The period from 1965 to 2008 brought a series of national laws into existence that have basically established the framework for today's national, state, regional, and local environmental management system. During the 1960s, the Solid Waste Disposal Act and the National Environmental Policy Act were signed into legislation. In 1970, President Richard Nixon's administration founded EPA. The Clean Air Act of 1970 established regulatory requirements for air emissions from stationary and mobile sources of pollutants.

The Clean Water Act (1972), as the name suggests, set guidelines for the discharge of contaminants into U.S. waters. Other key legislation included the Endangered Species Act (1973), the Safe Drinking Water Act (1974), the Resource Conservation and Recovery Act (RCRA) (1976), the Pollution Prevention Act (1990), and the Comprehensive Environmental Response, Compensation, and Liability Act (CERCLA) (1980).

CERCLA, or Superfund as it's often called, provides mechanisms to clean up uncontrolled or abandoned hazardous sites and to protect environmental and public health from toxic exposures.

As of 2017, more than 1,000 sites remain on the National Priorities List (NPL), an EPA-maintained database of the dirtiest former commercial and government (e.g., former military bases) properties across the country.

The Conundrum

A key element of Superfund established that a polluter pays principle, which opened the door for regulatory agencies to define potentially responsible parties, or PRP, that could be on the hook for cleanup costs associated with sites listed on the Superfund NPL.
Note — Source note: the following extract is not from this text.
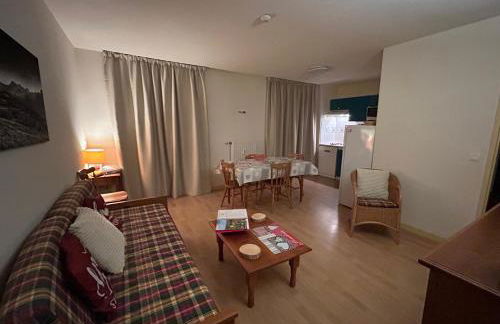 Grand appartement hyper centre haut standing - Foto 28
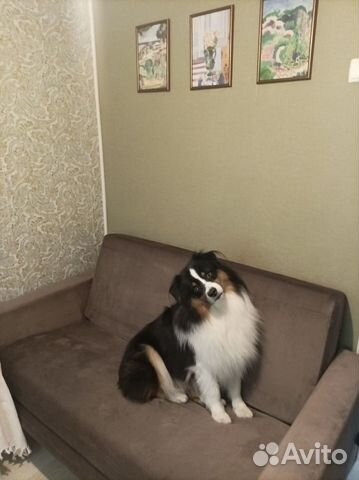 Химчистка мягкой мебели, диванов, ковров, матрасов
In the years after Superfund authorization, local governments across the U.S. took note that lenders for real estate deals, particularly in urban areas, were increasingly risk averse to investment on formerly used properties, citing a fear of becoming a PRP.

Interpretations of the regulatory framework associated with the Superfund law suggested that all past, present, and future property owners of formerly used sites could be liable for contamination. With this mindset, many owners of various kinds of properties—even such small parcels as gas stations—abandoned their sites and declared bankruptcy rather than face the prospect of expensive lawsuits. And, because future property owners were held liable, the sites remained undesirable to developers and investors.

In the early 1990s, EPA created the national brownfields program to develop research, programming, and grant funding to help local communities overcome the challenges of potentially contaminated properties. In a significant move, the Small Business Liability Relief and Brownfields Revitalization Act (2002) amended Superfund by clarifying CERCLA liability protections and providing funds to support various state, tribal, and local partners.